When did you start developing apps for the iPhone? Did you have previous experience as a developer?

Our team got our start about a year ago doing iPhone apps at a major media company. We built an accelerometer-based adaptation of an existing mobile game, and the resulting game has been a solid performer in the kid's game section of the App Store. When our department downsized, we decided to develop for ourselves. Between us, we have decades of developer experience outside of mobile, and a fair amount of mobile experience (BREW, Java) as well. We're mostly new to Mac OS programming, but not to the Unix world in general, and we have worked in areas like animation and in embedded programming in the past. I started out developing in aerospace, myself.

What / how many apps have you made so far?

Our first app is iBuddha — you rub the Laughing Buddha's belly, he laughs, you get a fortune. We issued a paid version and also a free version with a smaller number of fortunes. It's been a great learning experience, we figured we'd start small, but we also like the way the app turned out. We have set a positive tone with the fortunes, and everyone who sees the app gets at least a chuckle out of the belly rubbing mechanic.

What type of apps/games/software inspires you? Where do you get your ideas?

I'm inspired by apps that extend the phone so seamlessly that you use them every day. I used to play stylus-based games on the Ninetendo DS a lot — I like games which accessible user interfaces. I figure if you have to memorize a bunch of buttons, you're working, not playing. The iPhone takes that ease of use even further. Ideas for the iPhone are everywhere, you need only ask yourself whether you'd like to have this functionality or information in your pocket.

How do you settle on the price point for your apps?

Our minimum price point is 99 cents, releasing a free app doesn't really tell us much about the market for our apps. We know people will download free stuff. I think the market has spoken pretty loudly for 99 cents as the price point for casual games and apps. If you've got known IP, or an especially deep game or application, you can ask for more, but you have to be realistic about the value of your app in such a crowded market. Don't invest big unless you know you have an audience waiting for your stuff.

What has been the best thing about designing for the iPhone?

After our experiences in mobile, the iPhone is a much richer platform, with good tools, and an ecosystem that doesn't require dealing with carriers. It's possible to really innovate on this device, which levels the playing field. 3.0 is going to take this even further, and will enable more sustainable business models.

What has been the biggest challenge about designing for the iPhone?

You're playing in a very crowded field now. The chances of being the first out there with an idea are fairly slim, so now you have to really concentrate on being the best of breed, and also on reaching your audience. Most iPhone developers are going to live and die on their marketing, not their programming skills. You can have the best app ever, and it's completely possible that nobody will discover it.

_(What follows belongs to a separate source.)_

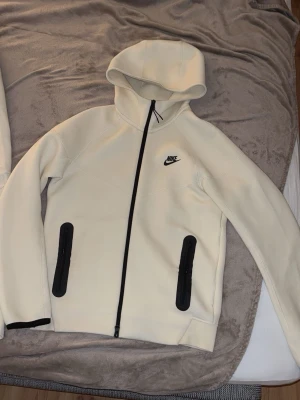 Nike tech fleece tracksuit i färgen beige - Säljer ett fräscht vitt set från Nike med matchande hoodie och byxor. Hoodien har dragkedja, huva och svarta detaljer vid fickorna samt Nike-logga på bröstet. Byxorna har dragsko i midjan, svarta fickor och Nike-logga. Perfekt för en sportig och avslappnad stil.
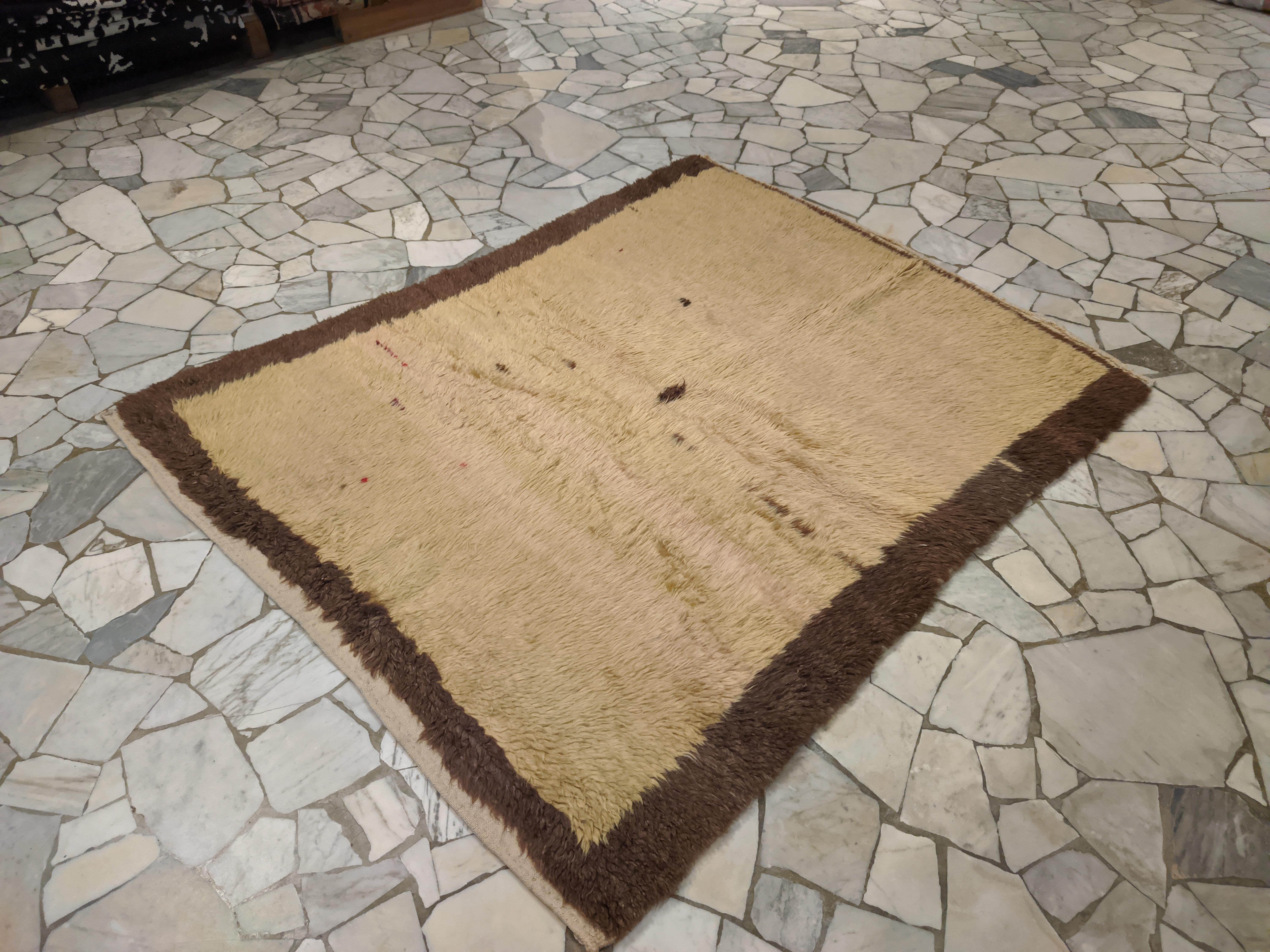 Dieser Tulu zeichnet sich durch ein für Yatak-Teppiche typisches quadratisches Format aus und hat einen weichen, cremegelben Hintergrund, der nach dem Zufallsprinzip von kleinen Punkten und einem größeren Punkt in der Mitte unterbrochen wird.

You have to really build a brand.

Is your company venture backed or privately held?

Our company is privately held.

Do you have any other apps in the works?

We have a soundboard app on the way, and we're also working on another app which we think will open a lot of doors for us.

What apps do you have on your iPhone?

I've got Facebook and Apple Remote on page one, then a number of apps like Pandora, LinkedIn, and Urban Spoon. As far as games and entertainment go, I love Brian Eno's Bloom, Sudoku Unlimited and Sudoku Grab, the Motion X dice games. I still play Trism a lot. I prefer puzzle games. The one game nobody would expect me to have is Disney's Fairies Fly, but it's a great one for showing off how lush an iPhone game can look.

What do you like to do when you're not coding for the iPhone?

I'm an obsessive reader, but I also spend a lot of time at art events, roller derby, anything offbeat going on in L.A. I also draw and make music. For now, though, when I'm not coding for the iPhone, I'm studying coding for the iPhone.